Your assignment.
Could you copy exactly the lines below from the one with "茅ヶ崎公園（河津ざくら）" to the one with "Pickles is registered", inclusive, leaving out any pictures?

Dataset records.
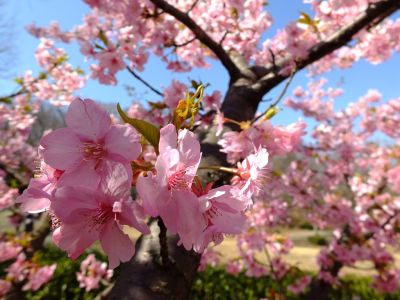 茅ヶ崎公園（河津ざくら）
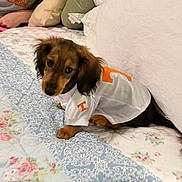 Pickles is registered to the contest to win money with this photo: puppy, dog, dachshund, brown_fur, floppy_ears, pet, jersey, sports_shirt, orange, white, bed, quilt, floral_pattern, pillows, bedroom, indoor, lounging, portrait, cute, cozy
---
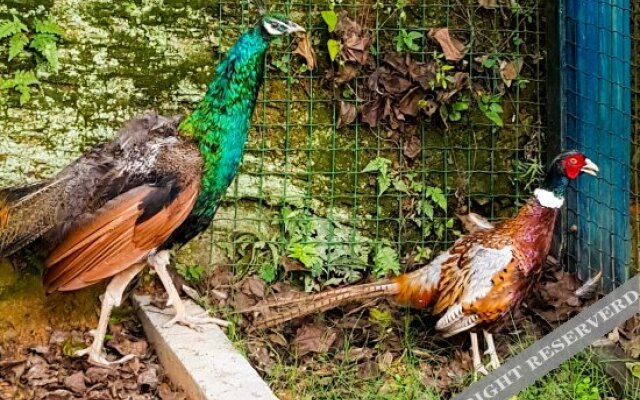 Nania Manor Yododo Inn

Written answer.
 茅ヶ崎公園（河津ざくら）
 Pickles is registered to the contest to win money with this photo: puppy, dog, dachshund, brown_fur, floppy_ears, pet, jersey, sports_shirt, orange, white, bed, quilt, floral_pattern, pillows, bedroom, indoor, lounging, portrait, cute, cozy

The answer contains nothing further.